**Problem to work on:** Output the full listing below exactly; the images stay out.

**Collected data:**
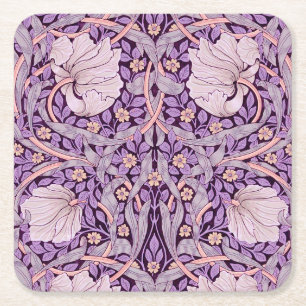 Dessous De Verre Carré Pimpernel Purple, William Morris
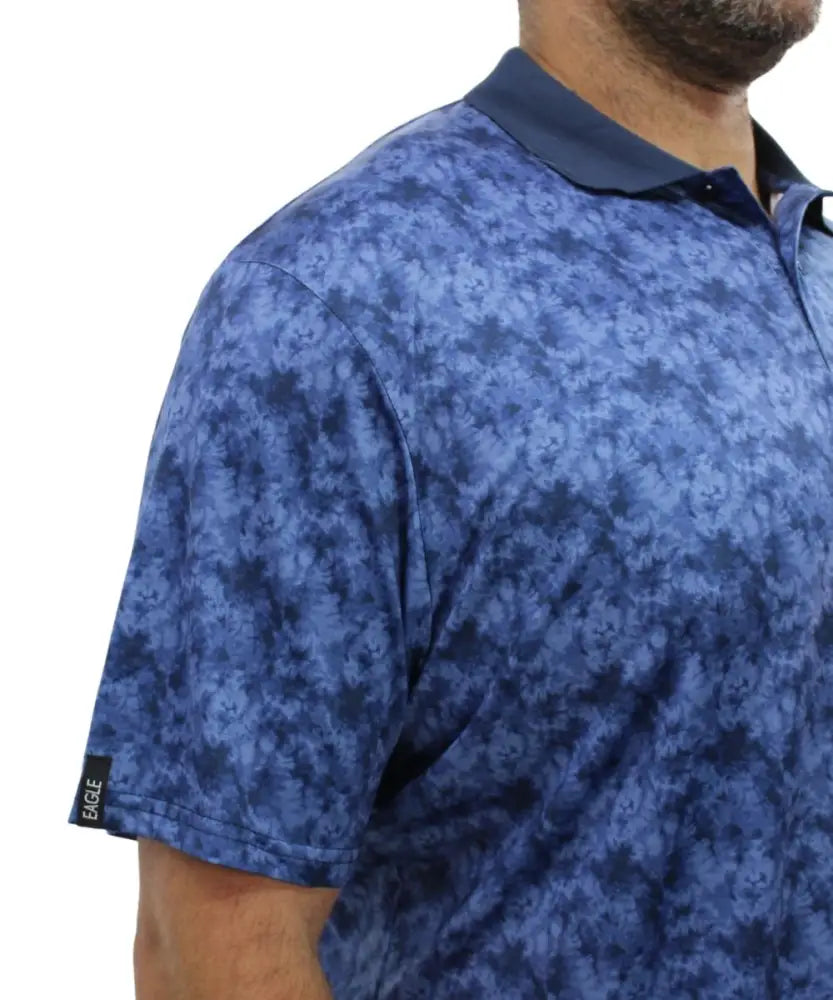 Mens Printed Dri Fit Golfer | Eagle Clothing | Plus Size | Big & Tall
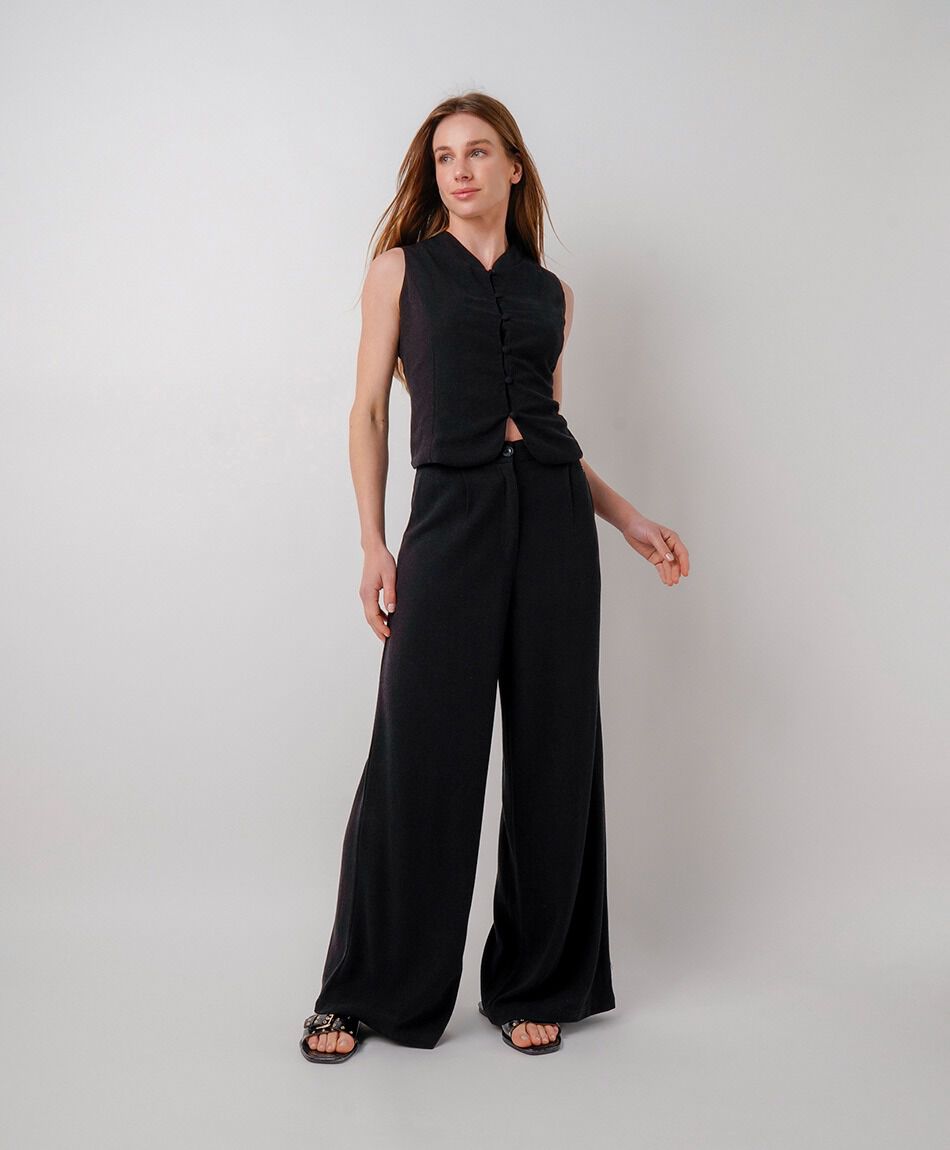 Pantal&oacute;n mujer lino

**Result of the exercise:**
 Dessous De Verre Carré Pimpernel Purple, William Morris
 Mens Printed Dri Fit Golfer | Eagle Clothing | Plus Size | Big & Tall
 Pantal&oacute;n mujer lino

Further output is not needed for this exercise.